HE has made history as the first person in the world to have a hand transplant.
And now former pub landlord Mark Cahill has a simple wish – to hold his young grandson’s hand.
Mr Cahill, of Greetland, was told on Boxing Day that a donor hand was available.
And he underwent the procedure a day later in a pioneering eight-hour operation at Leeds General Infirmary.
The man who ran the popular Shears pub in Greetland, said the move had changed his life.
He said: “Eight o’clock on Boxing Day night we got a phone call saying we may have a donor.
“As you can imagine, the day after Christmas it was quite a shock.
“I’m getting slight movement now, my feeling has just started coming back, but everything’s looking very, very good.
“Long term I won’t have 100% use of it, but obviously I’m going to have a lot more use than I had with the existing hand.
“I think I’ve dealt with it pretty well. The only thing you can’t do is know what is going to happen after the operation, and as it has turned out it is brilliant. I’m well happy.
“Hopefully I will be able to get back to work for a start, that’s a major difference.
“For a start I might be able to cut my food up, button my shirts, fasten a pair of shoelaces, and mainly I’ll be able to hold my grandson’s hand.”
And Mr Cahill added: “When I look at it and move it, it just feels like my hand.
“Right now it feels really good, it’s not a lot of pain, it looks good, it looks a great match and I’m looking forward to getting it working now.”
Mr Cahill, who is married to Sylvia and has one daughter, lost the use of his right hand due to severe gout, which also affects other parts of his body.
He is a former rugby league player but at one point had to use a wheelchair because the condition was so bad.
The operation, which was done by a team led by consultant plastic surgeon Professor Simon Kay, used a new technique which involved Mr Cahill having his non-functioning right hand removed during the same operation as the donor hand was transplanted.
Prof Kay said: “This operation is the culmination of a great deal of planning and preparation over the last two years by a team including plastic surgery, transplant medicine and surgery, immunology, psychology, rehabilitation medicine, pharmacy and many other disciplines.
“The team was on standby from the end of November awaiting a suitable donor limb, and the call came just after Christmas.

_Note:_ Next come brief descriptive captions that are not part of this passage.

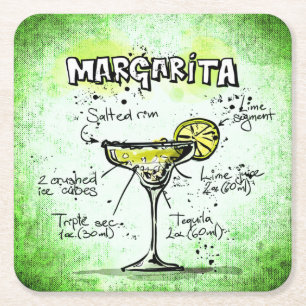 Margarita Drink Recipe Underlägg Papper Kvadrat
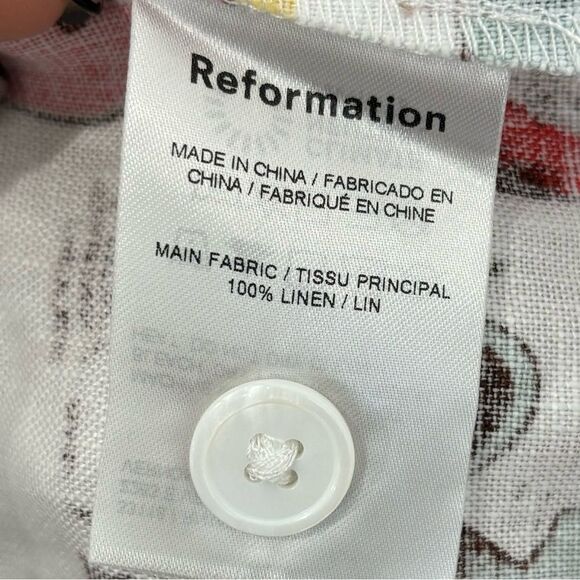 REFORMATION Huckleberry Linen Dress in comic print - Picture 8 of 9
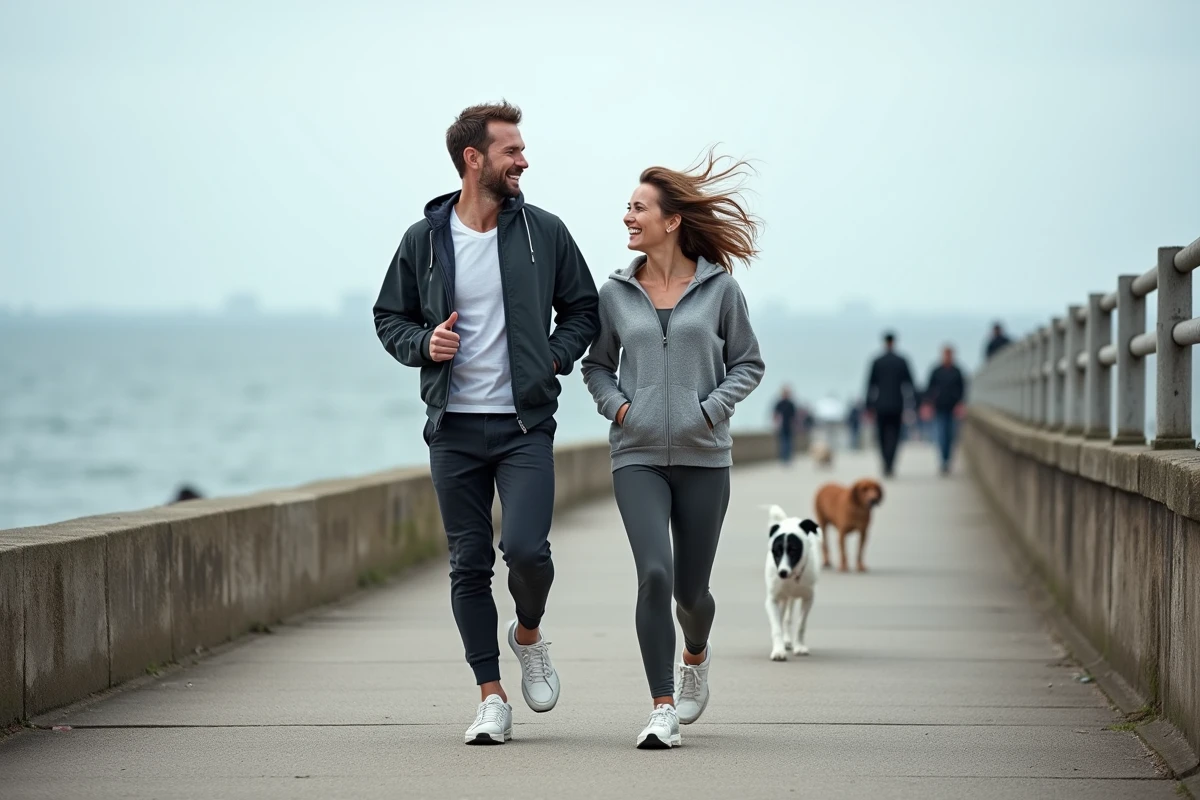 Couple d'adultes qui marche rapidement en bord de mer en tenue de sport pour reprendre une activité physique après des années d'inactivité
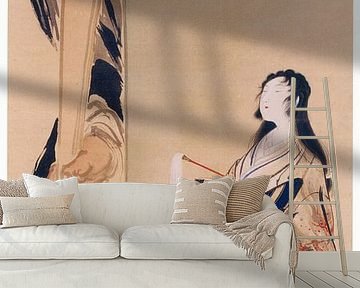 Kawanabe Kyōsai - Der Höllenkönig Enma und die Höllenkurtisane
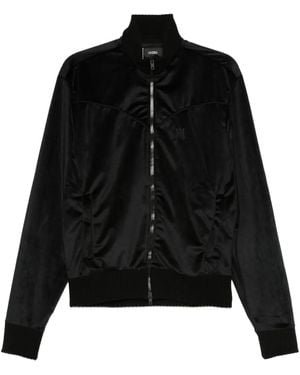 Amiri Velour Zip-Up Jacket - Black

“It was extremely challenging to be the first team in the UK to carry out such a procedure.
“It is still early days but indications are good and the patient is making good progress.”
Prof Kay said the operation took eight hours but the build up to the operation was just over two years.
He said that Mr Cahill was an “impressively phlegmatic man”.
Speaking about the use of the hand, Professor Kay said: “If all goes well, within 18 months I would hope that he has quite strong grasp and if all goes as well as I hope he’ll have good sensibility in the hand, good ability to feel and he’ll have a precision pinch which would be a huge improvement in every domain upon the hand that he had before.”
The hand, he said, had been given “at a time of enormous tragedy and loss”, adding: “I’d like to acknowledge the extraordinary gift and reinforce the point that organ donation of any kind plucks something positive from that awful tragedy of the loss of a loved one”.
The first-ever hand transplant recipient in France was New Zealander Clint Hallam, who later had his new hand removed.
Mr Hallam lost his original hand in a circular saw accident in prison in 1984.
He eventually decided he could not live with his new hand, which was taken from a motorcyclist who died in an accident. He said it felt like a dead man’s hand.
It was removed two years later in London.